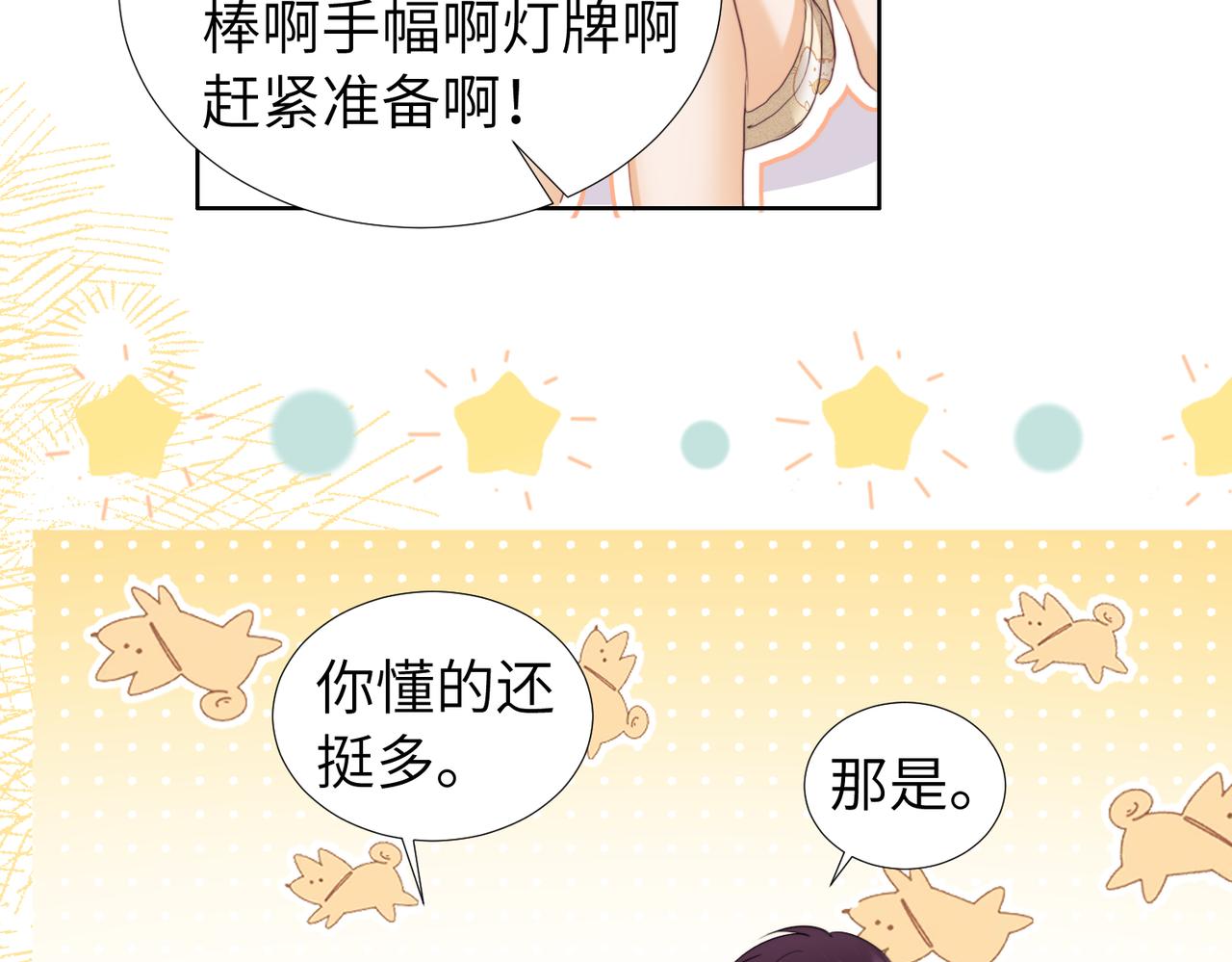 第109话(1/2)-第199话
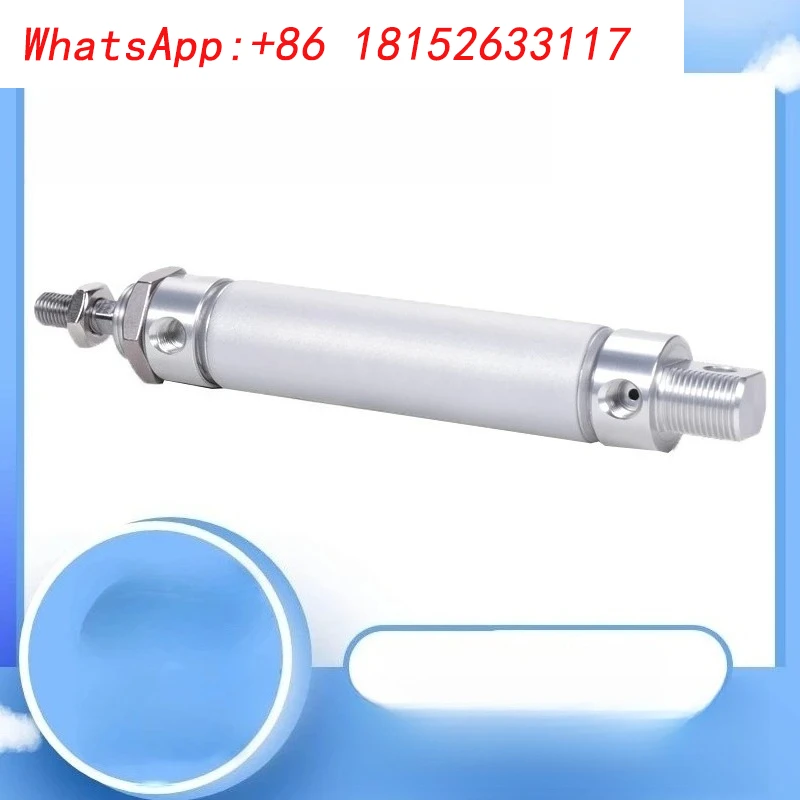 ミニシリンダー MBL20/25X325X350X375X400X425X450SCA SU MM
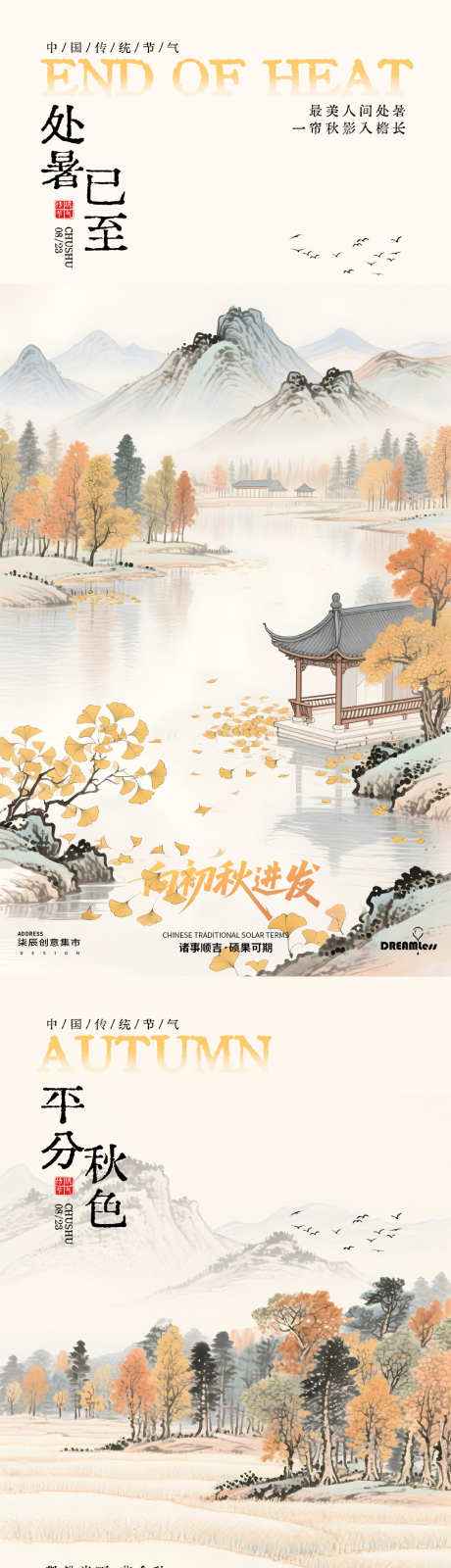处暑秋分中式田野插画海报_源文件下载_PSD格式_1080X4680像素-插画,线描,中式-作品编号:2025081716317088-志设-zs9.com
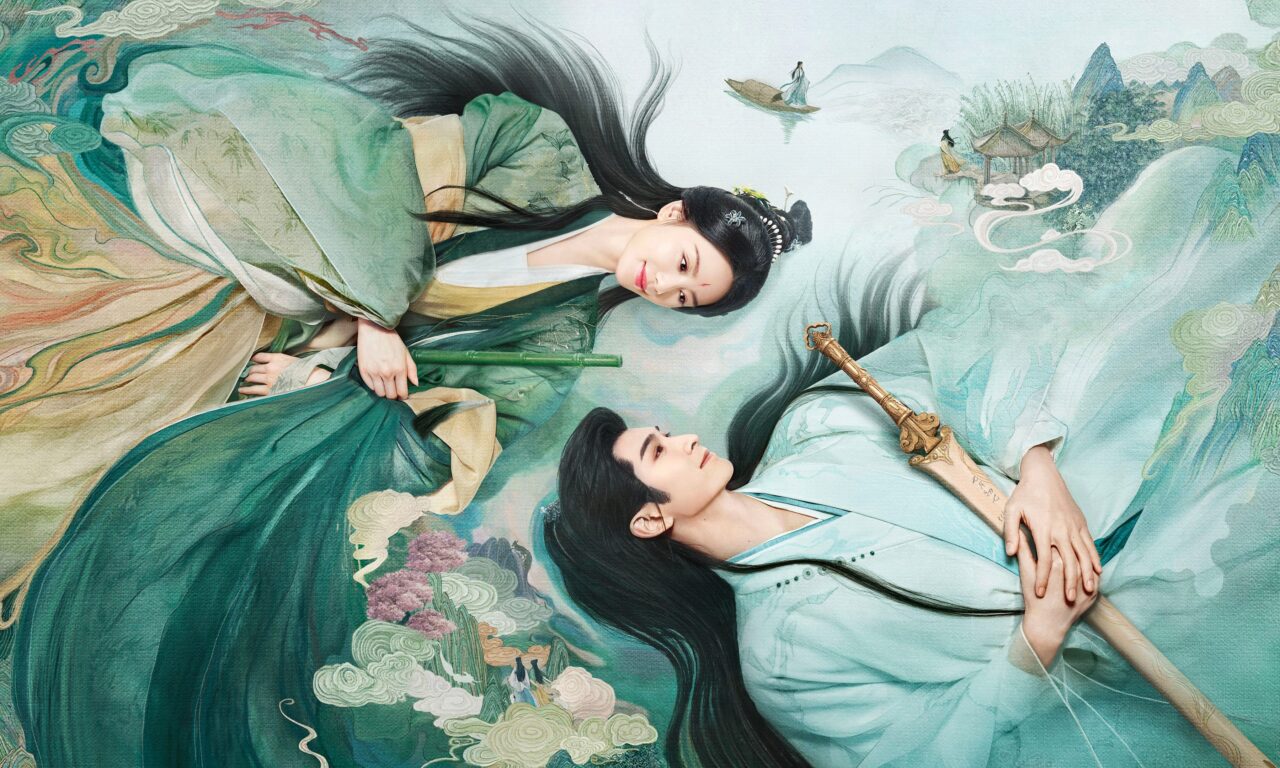 Poster of Hoài Thủy Trúc Đình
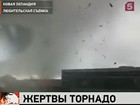 На остров Северный в Новой Зеландии обрушился разрушительный торнадо
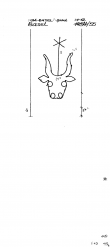 Wasserzeichen CH0780-PO-74474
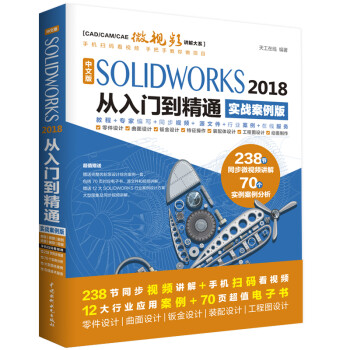 SolidWorks2018中文版从入门到精通AutoCAD教程CAD 实战案例视频版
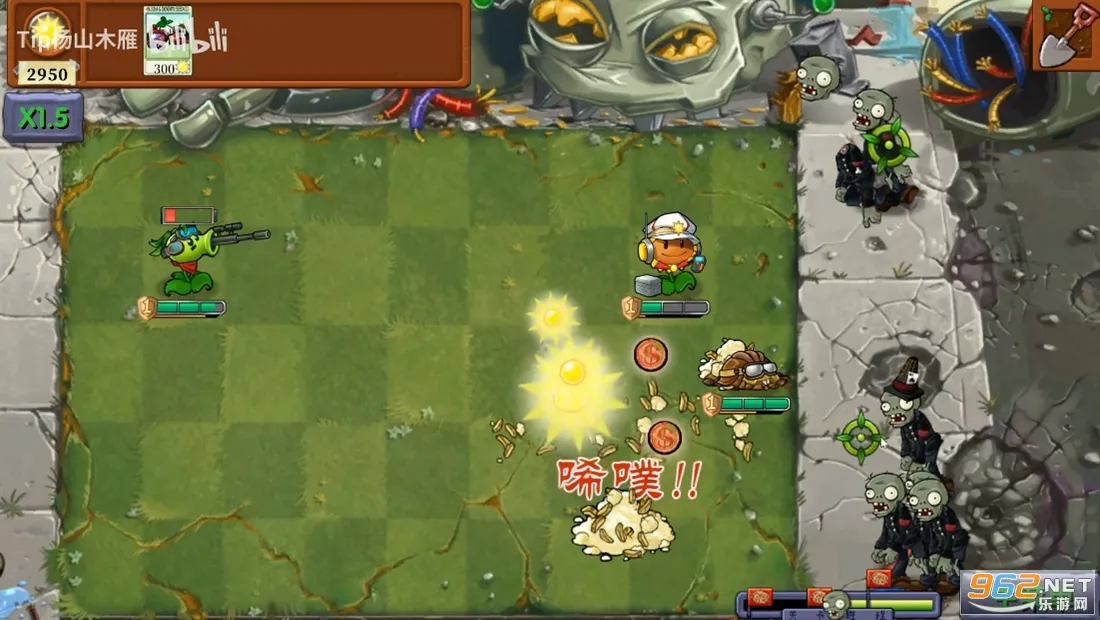 ֲ���ս��ʬ�����1.0����v1.0 �ֻ����ͼ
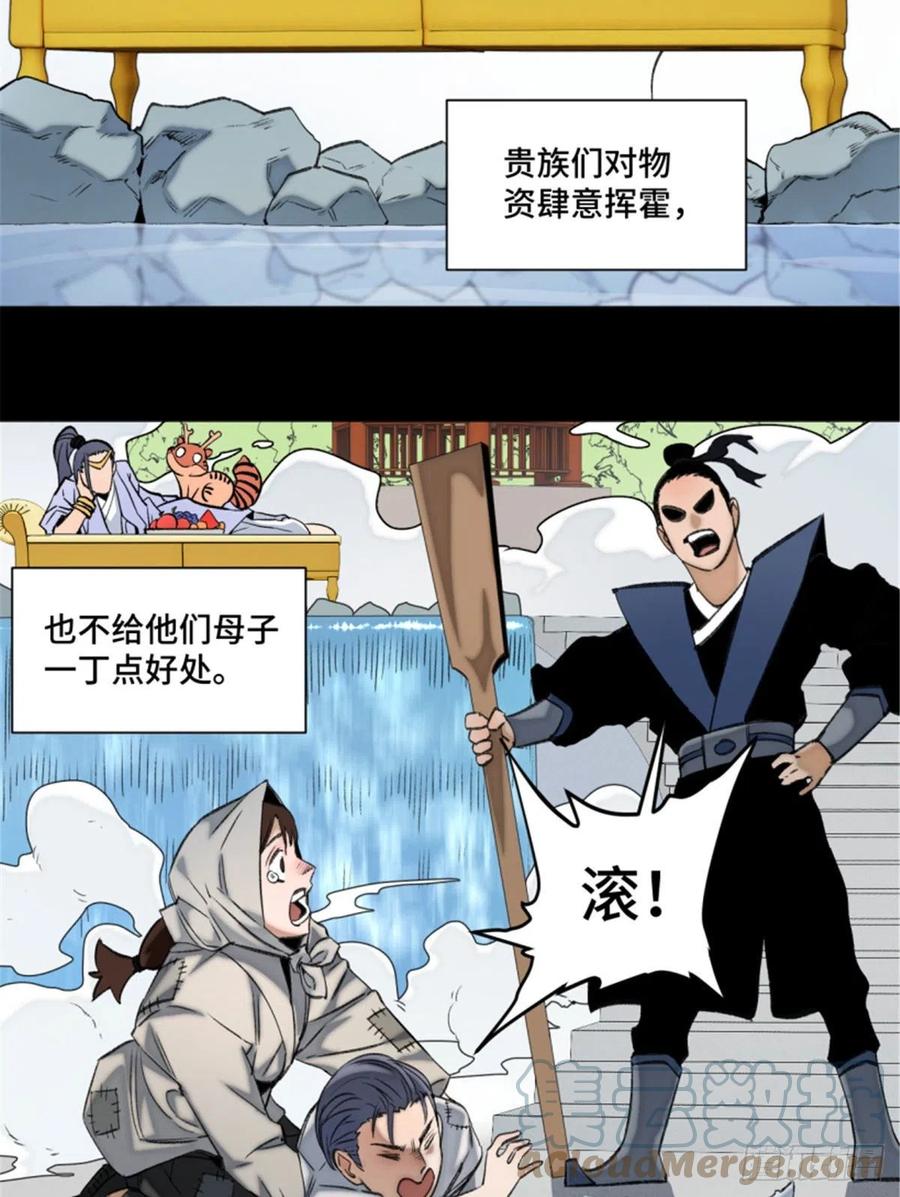 72 防御力点满2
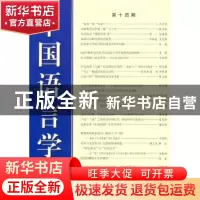正版 中国语言学报:第十四期 中国语言学会《中国语言学报》编委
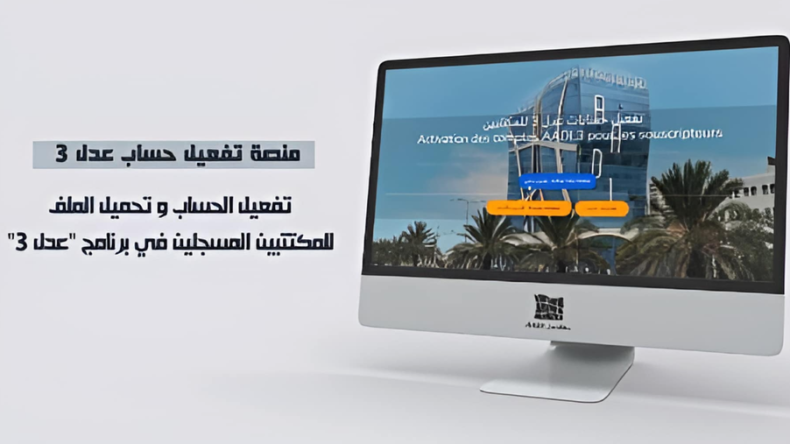  aadl3 المنصة الجديدة .. رابط دخول موقع تفعيل حسابي في منصة عدل 3 وطريقة تحديث البيانات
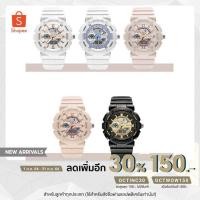 ราคา นาฬิกาข้อมือ Julius JA-1276 ดิจิตอล+เข็ม สายซิลิโคน ทนทาน ฟังก์ชั่นเต็ม เวลา วันที่ เดือน วันในสัปดาห์ จับเวลา ไฟกลางคื (7350536417)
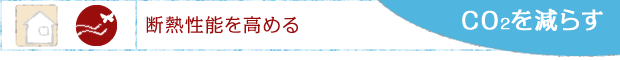 断熱性能を高める ｜ CO2を減らす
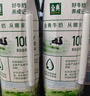 伊利金典 双限定娟姗纯牛奶锡林郭勒牧场整箱250ml*12盒 礼盒装 实拍图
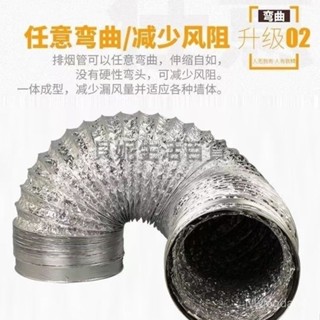 熱賣🥳廚房抽油機加長通用管道鋁箔管伸縮耐高溫吸油機排風管配件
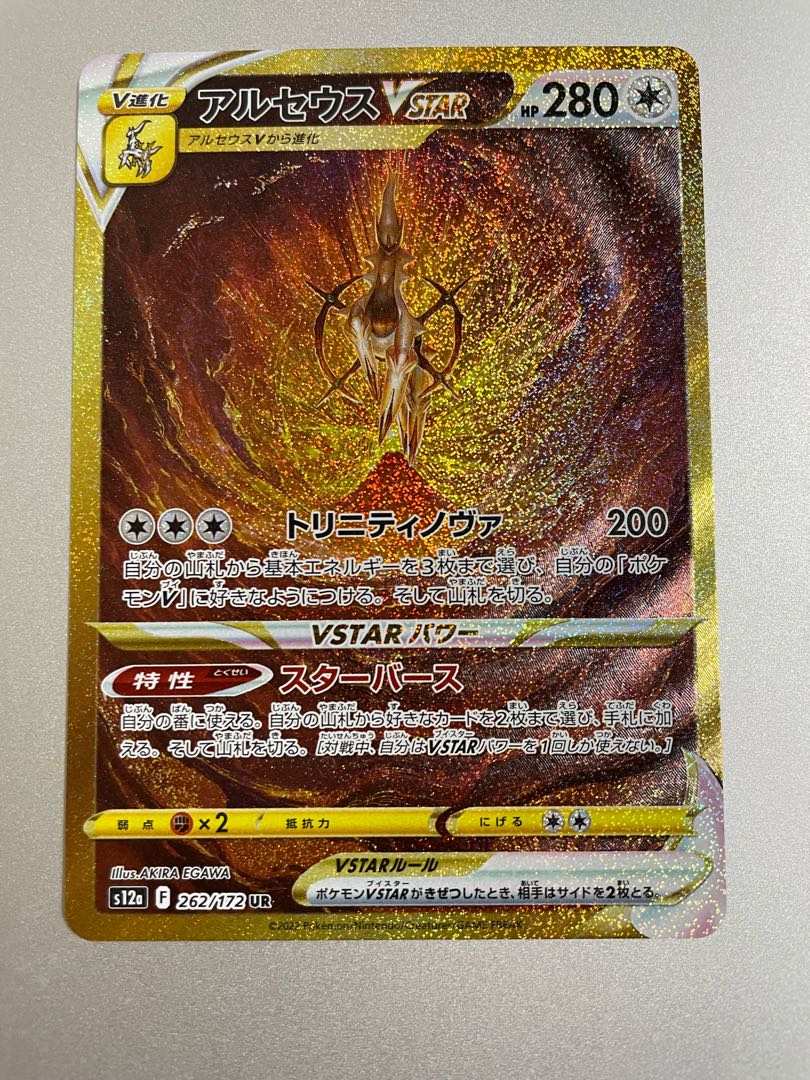 アルセウスVSTAR UR 1枚の通販 ダブル（252460452） | magi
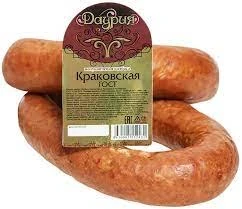 u0py7d2emyc9ol8knuv5kfkerba24vaa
------
### TASK GOAL
I'd like the entries above repeated exactly, but without any of their pictures.

### YOUR SOLUTION
 第109话(1/2)-第199话
 ミニシリンダー MBL20/25X325X350X375X400X425X450SCA SU MM
处暑秋分中式田野插画海报_源文件下载_PSD格式_1080X4680像素-插画,线描,中式-作品编号:2025081716317088-志设-zs9.com
 Poster of Hoài Thủy Trúc Đình
 На остров Северный в Новой Зеландии обрушился разрушительный торнадо
 Wasserzeichen CH0780-PO-74474
 SolidWorks2018中文版从入门到精通AutoCAD教程CAD 实战案例视频版
 ֲ���ս��ʬ�����1.0����v1.0 �ֻ����ͼ
 72 防御力点满2
正版 中国语言学报:第十四期 中国语言学会《中国语言学报》编委
  aadl3 المنصة الجديدة .. رابط دخول موقع تفعيل حسابي في منصة عدل 3 وطريقة تحديث البيانات
 ราคา นาฬิกาข้อมือ Julius JA-1276 ดิจิตอล+เข็ม สายซิลิโคน ทนทาน ฟังก์ชั่นเต็ม เวลา วันที่ เดือน วันในสัปดาห์ จับเวลา ไฟกลางคื (7350536417)
 断熱性能を高める ｜ CO2を減らす
 伊利金典 双限定娟姗纯牛奶锡林郭勒牧场整箱250ml*12盒 礼盒装 实拍图
 熱賣🥳廚房抽油機加長通用管道鋁箔管伸縮耐高溫吸油機排風管配件
 アルセウスVSTAR UR 1枚の通販 ダブル（252460452） | magi
 u0py7d2emyc9ol8knuv5kfkerba24vaa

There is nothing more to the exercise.